Goal of the exercise -> Only the text of the records belongs in the answer; the pictures must be dropped.

Supplied data START

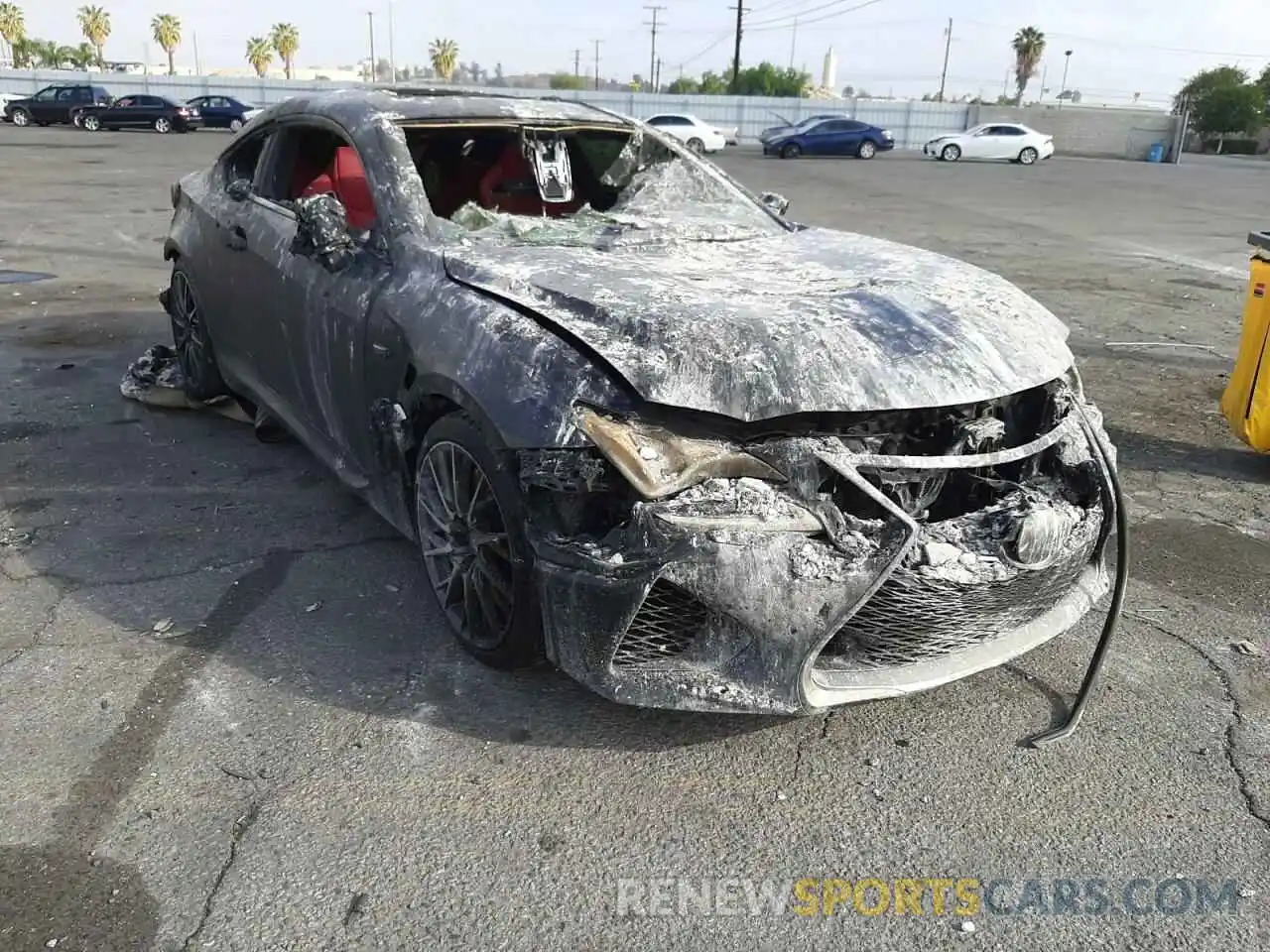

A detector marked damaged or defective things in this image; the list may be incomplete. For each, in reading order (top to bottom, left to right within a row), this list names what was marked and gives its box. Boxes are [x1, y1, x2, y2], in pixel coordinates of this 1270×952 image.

shattered windshield [407, 123, 786, 249]
fire damage [144, 91, 1127, 746]
severely burned car [164, 89, 1127, 730]
damaged hood [444, 227, 1072, 420]
destroyed bumper [520, 389, 1119, 714]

Supplied data END

Task answer ->
A detector marked damaged or defective things in this image; the list may be incomplete. For each, in reading order (top to bottom, left to right within a row), this list names what was marked and gives its box. Boxes are [x1, y1, x2, y2], in pixel coordinates of this 1270×952 image.

shattered windshield [407, 123, 786, 249]
fire damage [144, 91, 1127, 746]
severely burned car [164, 89, 1127, 730]
damaged hood [444, 227, 1072, 420]
destroyed bumper [520, 389, 1119, 714]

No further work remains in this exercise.